E ainda que se atribua ao pedido de revisão oficiosa o mesmo efeito jurídico da reclamação graciosa, essa equivalência apenas pode ser reconhecida quando o pedido de revisão oficiosa tenha sido apresentado dentro do prazo previsto para aquela forma de impugnação administrativa, isto é, dentro do prazo de dois anos - artigo 131.º, n.º 1, do CPPT (cfr., neste sentido, entre outros, o acórdão proferido no Processo CAAD n.º 840/2021-T).

 

Sendo assim, é de concluir que o pedido de revisão oficiosa foi apresentado intempestivamente, para efeito de poder ser considerado como correspondendo à impugnação administrativa necessária a que se refere o artigo 131.º do CPPT, pelo que se verifica a inimpugnabilidade dos atos tributários que constituem objeto do pedido arbitral por falta de precedência de impugnação administrativa necessária dentro do prazo legalmente previsto.

 

Não se põe em dúvida, e constitui jurisprudência pacífica do STA, que a revisão dos atos tributários por iniciativa da Administração Tributária, no prazo de 4 anos após a liquidação, pode ser suscitada pelo contribuinte, com base em erro imputável aos serviços (cfr. acórdãos de 20 de março de 2002, Processo n.º 026580, de 12 de julho de 2006, Processo n.º 0402/06, e de 29 de maio de 2013, Processo n.º 0140/13).
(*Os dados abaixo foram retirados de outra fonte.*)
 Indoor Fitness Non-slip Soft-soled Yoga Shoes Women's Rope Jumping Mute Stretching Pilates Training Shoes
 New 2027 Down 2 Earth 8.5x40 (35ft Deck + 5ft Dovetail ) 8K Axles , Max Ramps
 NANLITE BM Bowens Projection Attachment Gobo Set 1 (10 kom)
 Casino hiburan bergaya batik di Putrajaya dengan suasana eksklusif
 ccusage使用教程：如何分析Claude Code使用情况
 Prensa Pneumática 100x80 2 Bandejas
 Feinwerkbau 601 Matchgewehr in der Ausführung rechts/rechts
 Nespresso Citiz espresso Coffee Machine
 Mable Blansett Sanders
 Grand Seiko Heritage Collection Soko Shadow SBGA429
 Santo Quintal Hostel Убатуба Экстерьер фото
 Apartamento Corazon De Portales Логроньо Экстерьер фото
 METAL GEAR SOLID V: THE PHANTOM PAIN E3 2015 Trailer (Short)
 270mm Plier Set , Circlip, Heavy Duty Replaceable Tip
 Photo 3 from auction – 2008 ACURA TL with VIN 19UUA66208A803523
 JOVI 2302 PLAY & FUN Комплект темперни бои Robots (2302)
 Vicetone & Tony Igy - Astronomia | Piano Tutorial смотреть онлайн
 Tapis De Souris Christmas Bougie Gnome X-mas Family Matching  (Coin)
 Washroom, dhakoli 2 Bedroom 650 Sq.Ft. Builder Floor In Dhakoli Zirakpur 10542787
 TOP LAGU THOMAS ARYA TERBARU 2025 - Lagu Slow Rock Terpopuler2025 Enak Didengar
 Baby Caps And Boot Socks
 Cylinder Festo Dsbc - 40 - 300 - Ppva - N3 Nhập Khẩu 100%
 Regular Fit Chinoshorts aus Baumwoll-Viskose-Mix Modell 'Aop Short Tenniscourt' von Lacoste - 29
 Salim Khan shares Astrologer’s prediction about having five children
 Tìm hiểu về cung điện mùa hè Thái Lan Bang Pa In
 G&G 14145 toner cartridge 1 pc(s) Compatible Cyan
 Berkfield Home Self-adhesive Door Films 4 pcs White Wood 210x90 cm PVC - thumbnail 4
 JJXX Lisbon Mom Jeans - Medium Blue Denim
No entanto, numa interpretação conforme a unidade do sistema jurídico, uma tal possibilidade não pode inutilizar a exigência legal de impugnação administrativa necessária que consta do artigo 131.º, n.º 1, do CPTT, dentro do prazo aí previsto, e que constitui um requisito de impugnabilidade dos atos de autoliquidação.

 

Nesse sentido aponta o acórdão do STA de 9 de novembro de 2022 (Processo n.º 087/22), onde se consigna, na situação paralela do artigo 132.º do CPPT, que a formulação de pedido de revisão oficiosa do ato tributário pode ter lugar relativamente a atos de retenção na fonte, independentemente de o contribuinte ter deduzido reclamação graciosa nos termos do artigo 132.º do CPPT, mas esta é necessária para efeitos de dedução de impugnação judicial.

 

Procede, por conseguinte, a exceção de inimpugnabilidade do atos de autoliquidação que constituem objeto do pedido arbitral.

 

   Reembolso do imposto indevidamente pago e juros indemnizatórios

 

8.  Não sendo de tomar conhecimento do pedido arbitral de declaração de ilegalidade do ato de autoliquidação da CESE e da decisão de indeferimento do pedido de revisão oficiosa, fica necessariamente prejudicado o conhecimento dos pedidos acessórios de reembolso do imposto liquidado e do pagamento de juros indemnizatórios. 

 

III – Decisão  

 

Termos em que se decide: 

 

a)     Julgar improcedentes as exceções de incompetência do tribunal arbitral e de inidoneidade do meio processual; 

b)    Julgar procedente a exceção de inimpugnabilidade do ato de autoliquidação da CESE; 

c)     Absolver a Autoridade Tributária da instância quanto ao pedido principal; 

d)    Absolver a Autoridade Tributária do pedido acessório de reembolso do imposto pago e de juros indemnizatórios.  

 

 

Valor da causa

 

A Requerente indicou como valor da causa o montante de € 107.839,37, que não foi contestado pela Requerida e corresponde ao valor da liquidação a que se pretendia obstar, pelo que se fixa nesse montante o valor da causa.

 

Custas

 

Nos termos dos artigos 12.º, n.º 2, e 24.º, n.º 4, do RJAT, e 3.º, n.º 2, do Regulamento de Custas nos Processos de Arbitragem Tributária e Tabela I anexa a esse Regulamento, fixa-se o montante das custas em € 3.060,00, que fica a cargo da Requerente.

 

Notifique.

 

Lisboa, 14 de outubro de 2025,

   

 

O Presidente do Tribunal Arbitral

 

 

Carlos Fernandes Cadilha

 

 

A Árbitro Vogal

 

 

Catarina Belim

 

 

O Árbitro Vogal

 

 

 

António Manuel Melo Gonçalves 

 

(com declaração de voto)

 

Concordo com o sentido decisório, no sentido de que a atual redação da CESE, no que respeita à incidência sobre os operadores do setor de transporte. distribuição e comercialização por grosso e a retalho de biodiesel, se configura como um imposto. 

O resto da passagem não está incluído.